● **ASSIGNMENT**
From the entries that follow, pick out all lines holding "image".

● **STORED DATA**

----

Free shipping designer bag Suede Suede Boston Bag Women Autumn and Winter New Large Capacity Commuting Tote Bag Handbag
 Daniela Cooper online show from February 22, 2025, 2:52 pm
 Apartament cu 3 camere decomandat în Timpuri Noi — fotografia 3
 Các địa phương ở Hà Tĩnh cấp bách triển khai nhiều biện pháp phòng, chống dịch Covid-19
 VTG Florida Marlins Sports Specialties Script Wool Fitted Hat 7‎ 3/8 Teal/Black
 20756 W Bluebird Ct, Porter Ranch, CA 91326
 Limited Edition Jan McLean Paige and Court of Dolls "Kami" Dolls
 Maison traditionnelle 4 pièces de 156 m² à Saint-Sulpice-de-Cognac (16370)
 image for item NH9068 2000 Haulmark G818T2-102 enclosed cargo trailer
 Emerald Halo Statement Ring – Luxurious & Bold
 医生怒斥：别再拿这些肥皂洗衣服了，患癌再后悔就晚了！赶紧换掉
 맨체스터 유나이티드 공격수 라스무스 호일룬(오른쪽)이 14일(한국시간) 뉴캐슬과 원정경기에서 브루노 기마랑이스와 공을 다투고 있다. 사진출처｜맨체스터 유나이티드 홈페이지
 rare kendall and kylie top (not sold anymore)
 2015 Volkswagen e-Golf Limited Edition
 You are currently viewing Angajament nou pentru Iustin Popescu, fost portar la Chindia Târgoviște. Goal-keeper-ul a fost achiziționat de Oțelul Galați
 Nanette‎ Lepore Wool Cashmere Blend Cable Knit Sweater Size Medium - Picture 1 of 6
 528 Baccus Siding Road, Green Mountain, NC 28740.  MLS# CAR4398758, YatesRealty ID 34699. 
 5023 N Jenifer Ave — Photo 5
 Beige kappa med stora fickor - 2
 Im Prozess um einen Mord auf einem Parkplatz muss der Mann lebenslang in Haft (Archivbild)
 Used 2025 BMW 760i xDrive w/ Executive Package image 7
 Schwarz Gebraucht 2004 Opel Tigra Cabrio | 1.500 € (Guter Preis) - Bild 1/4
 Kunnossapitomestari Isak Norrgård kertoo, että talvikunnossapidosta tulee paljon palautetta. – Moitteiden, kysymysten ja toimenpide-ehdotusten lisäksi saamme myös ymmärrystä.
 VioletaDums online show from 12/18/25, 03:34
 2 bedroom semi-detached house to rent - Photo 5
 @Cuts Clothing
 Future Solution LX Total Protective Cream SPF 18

----

● **WRITTEN SOLUTION**
 image for item NH9068 2000 Haulmark G818T2-102 enclosed cargo trailer
 Used 2025 BMW 760i xDrive w/ Executive Package image 7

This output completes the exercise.